This report hopes to throw light on many of the misconception about data-mining, and I will try to make things as clear as possible. It is not as simple as using a formula in an excel sheet, but it's not so difficult that you cannot manage it yourself. This brings me to 90/10 model. You can achieve 80/20 model easily but to push yourself to the 90/10 model you have to get into the depths of the subject. To bridge the distance between two models it will take you about 20 years. So, until and unless you have decided to take it as your career, "good enough" is what you need. Also it will be better than what you are using right now, so there's no harm in good enough way!

End result of a data-mining model is to develop a model, a model that can improve and suggest new ways to interpret and know your existing data and the data you still have to come across. Because there are many methods to go about the whole data-mining thing, first you have to choose what model you would be using for your data, what model will fulfill your data-mining needs to the best. Although, this will come with guidance, experience and practice. After reading this report you should be able to look at your data and say "Yes this is the right model for my data set." You will be able to make "good enough" models out of your data.

2.3 WEKA

Data-mining isn't the area of big companies and expensive software systems. In fact there is an open source, freely available software that does same things as that expensive software. This is known as WEKA. WEKA is developed by University of Waikato (New Zealand) and was first used in its modern form in 1997. It uses the General Public License (GPL) under GNU. The code for this software is written in Java and contains graphical user interface for interacting with data files and gives tables, curves or graphs as the visual output. It also has the API support so it can be easily embedded into other applications, such as automated server side data-mining tasks.

Now please go ahead and install WEKA on your system. Its Java based so if you don't have JRE installed on your machine, please download the WEKA version that has JRE as well. When you start the setup you will the window as shown below.

Figure1. WEKA startup screen

When the WEKA is started, the graphic user interface window pops up and offers you four ways to work with WEKA and your data set. For examples discussed in this chapter choose only the explorer option. This option will be more than sufficient for what is discussed in this chapter.

Figure2. WEKA Explorer

Now that you have learned how to install and start up WEKA, we will start our first data-mining model that is Regression.

2.4 Regression

Regression is most probably the least powerful techniques to mine your data, but is the easiest one to use; no wonder these two things go hand in hand simultaneously. This can be viewed as an easy one input variable and one output variable; called a scatter diagram in Microsoft Excel or X-Y diagram in It can easily be made complicated by introducing number of input variables. In the regression models, all approximately fit the same general patter. There are a number of independent variables which are available, and using them the model gets you a dependent output variable. This model is used to predict the results given the values of all the independent variables.

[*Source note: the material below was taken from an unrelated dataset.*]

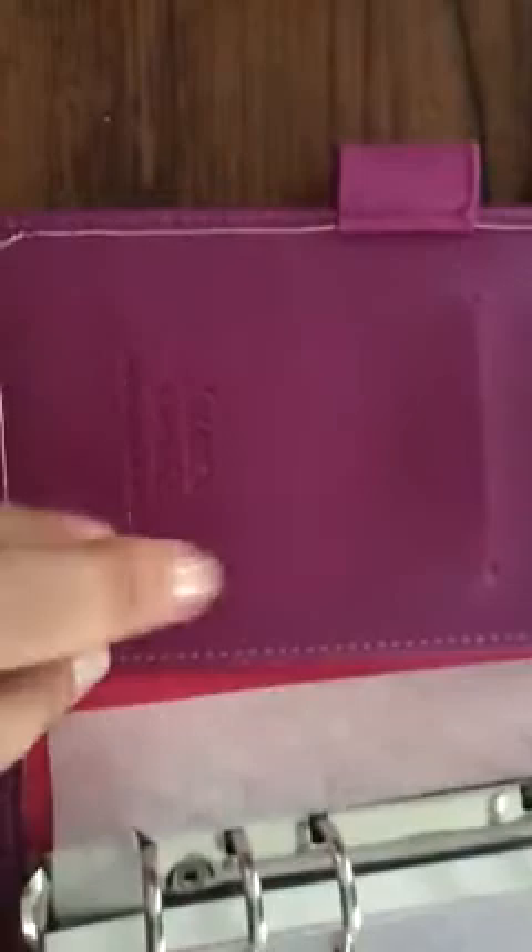With the Saffiano there's this flap — it's very flexible and has three card slots which are also very flexible, so you can stuff a lot in there. It says Filofax Saffiano Personal Organizer on it.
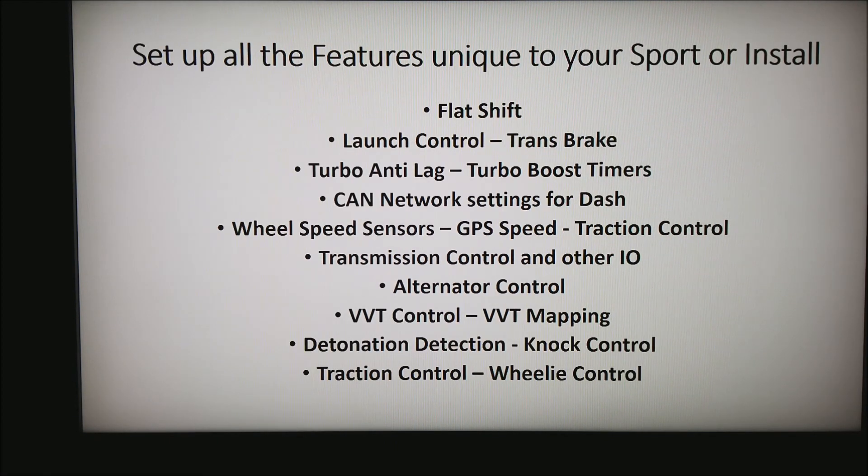Now I want to talk about setting up all features unique to your sport or install — for example, flat shift on a motorcycle, launch control, trans brakes for drag racing, turbo anti-lag, and turbo boost timers. For racing, the drift guys want to keep those turbos spooled up, and that's no small task. It takes time to set all of that up, and you need the capability. If you have a reflash system, often you simply cannot get there — a standalone is your only real option.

Regression model is new to no-one. Everyone has probably seen or even used the model before, and may be even created the same in mind. We will be discussing an example of house pricing in similar locations. The price of the house here is the dependent variable, which is dependent on a number of independent variables. These independent variables include size of the lot, the square footage of the house; bathrooms are upgraded, whether granite is in the kitchen etc. If you have ever bought or sold any house, it is likely you would have created such model already in your mind before doing so. You must have created the model comparing your house to other houses in the same locality and the prices they have been sold for. You create a model for already sold out houses and then put parameters for your house into the same model and get the likely price of the house.

Let us now create some real model based on the assumed data. Let us assume the data below is the real data for my neighborhood, and I am trying to find the prices for my house. This output can also be used for property tax assessment.

Regression model barely scratches the surface of the data-mining; this can be good or the bad news for you depending on the usage and your perspective. There are complete college semesters dedicating to this, and they might also teach you what you don't wish to know. But, these scratches we are leaning are good enough for the WEKA use within this chapter. If you have continued interest in WEKA, data-mining or the statistical models you can search for terms like "normal distribution", "R-squared and P values" in your favorite search engine.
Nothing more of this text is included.